++++ Available data
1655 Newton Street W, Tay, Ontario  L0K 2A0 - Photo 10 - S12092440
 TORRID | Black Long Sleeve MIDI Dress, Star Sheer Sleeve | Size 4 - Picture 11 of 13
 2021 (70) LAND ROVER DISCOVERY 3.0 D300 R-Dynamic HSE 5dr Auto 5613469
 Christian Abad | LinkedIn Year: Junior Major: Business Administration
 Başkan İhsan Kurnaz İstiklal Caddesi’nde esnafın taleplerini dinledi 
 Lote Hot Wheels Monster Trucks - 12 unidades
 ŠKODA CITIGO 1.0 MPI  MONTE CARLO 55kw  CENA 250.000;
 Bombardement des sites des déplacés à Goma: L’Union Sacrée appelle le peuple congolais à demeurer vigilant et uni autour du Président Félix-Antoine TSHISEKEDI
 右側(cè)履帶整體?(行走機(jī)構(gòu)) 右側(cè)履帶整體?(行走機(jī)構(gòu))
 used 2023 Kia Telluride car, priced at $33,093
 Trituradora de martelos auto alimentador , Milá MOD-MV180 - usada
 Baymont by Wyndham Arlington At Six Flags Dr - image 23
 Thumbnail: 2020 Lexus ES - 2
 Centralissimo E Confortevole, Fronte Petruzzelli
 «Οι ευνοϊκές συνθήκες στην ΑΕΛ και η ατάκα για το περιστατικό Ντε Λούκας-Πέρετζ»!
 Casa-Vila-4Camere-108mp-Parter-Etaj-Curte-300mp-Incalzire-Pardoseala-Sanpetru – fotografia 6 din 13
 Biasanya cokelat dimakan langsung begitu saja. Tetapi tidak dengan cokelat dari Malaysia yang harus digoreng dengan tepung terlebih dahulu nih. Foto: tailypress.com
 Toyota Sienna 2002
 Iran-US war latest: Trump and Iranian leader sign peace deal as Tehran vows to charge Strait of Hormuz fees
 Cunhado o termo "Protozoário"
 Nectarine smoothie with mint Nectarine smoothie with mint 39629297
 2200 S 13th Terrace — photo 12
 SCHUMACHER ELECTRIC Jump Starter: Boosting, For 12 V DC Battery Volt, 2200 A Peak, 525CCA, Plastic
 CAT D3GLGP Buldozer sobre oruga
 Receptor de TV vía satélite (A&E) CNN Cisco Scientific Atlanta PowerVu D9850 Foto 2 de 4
++++++++
Copy all records verbatim.

▸ **Task answer**
1655 Newton Street W, Tay, Ontario  L0K 2A0 - Photo 10 - S12092440
 TORRID | Black Long Sleeve MIDI Dress, Star Sheer Sleeve | Size 4 - Picture 11 of 13
 2021 (70) LAND ROVER DISCOVERY 3.0 D300 R-Dynamic HSE 5dr Auto 5613469
 Christian Abad | LinkedIn Year: Junior Major: Business Administration
 Başkan İhsan Kurnaz İstiklal Caddesi’nde esnafın taleplerini dinledi 
 Lote Hot Wheels Monster Trucks - 12 unidades
 ŠKODA CITIGO 1.0 MPI  MONTE CARLO 55kw  CENA 250.000;
 Bombardement des sites des déplacés à Goma: L’Union Sacrée appelle le peuple congolais à demeurer vigilant et uni autour du Président Félix-Antoine TSHISEKEDI
 右側(cè)履帶整體?(行走機(jī)構(gòu)) 右側(cè)履帶整體?(行走機(jī)構(gòu))
 used 2023 Kia Telluride car, priced at $33,093
 Trituradora de martelos auto alimentador , Milá MOD-MV180 - usada
 Baymont by Wyndham Arlington At Six Flags Dr - image 23
 Thumbnail: 2020 Lexus ES - 2
 Centralissimo E Confortevole, Fronte Petruzzelli
 «Οι ευνοϊκές συνθήκες στην ΑΕΛ και η ατάκα για το περιστατικό Ντε Λούκας-Πέρετζ»!
 Casa-Vila-4Camere-108mp-Parter-Etaj-Curte-300mp-Incalzire-Pardoseala-Sanpetru – fotografia 6 din 13
 Biasanya cokelat dimakan langsung begitu saja. Tetapi tidak dengan cokelat dari Malaysia yang harus digoreng dengan tepung terlebih dahulu nih. Foto: tailypress.com
 Toyota Sienna 2002
 Iran-US war latest: Trump and Iranian leader sign peace deal as Tehran vows to charge Strait of Hormuz fees
 Cunhado o termo "Protozoário"
 Nectarine smoothie with mint Nectarine smoothie with mint 39629297
 2200 S 13th Terrace — photo 12
 SCHUMACHER ELECTRIC Jump Starter: Boosting, For 12 V DC Battery Volt, 2200 A Peak, 525CCA, Plastic
 CAT D3GLGP Buldozer sobre oruga
 Receptor de TV vía satélite (A&E) CNN Cisco Scientific Atlanta PowerVu D9850 Foto 2 de 4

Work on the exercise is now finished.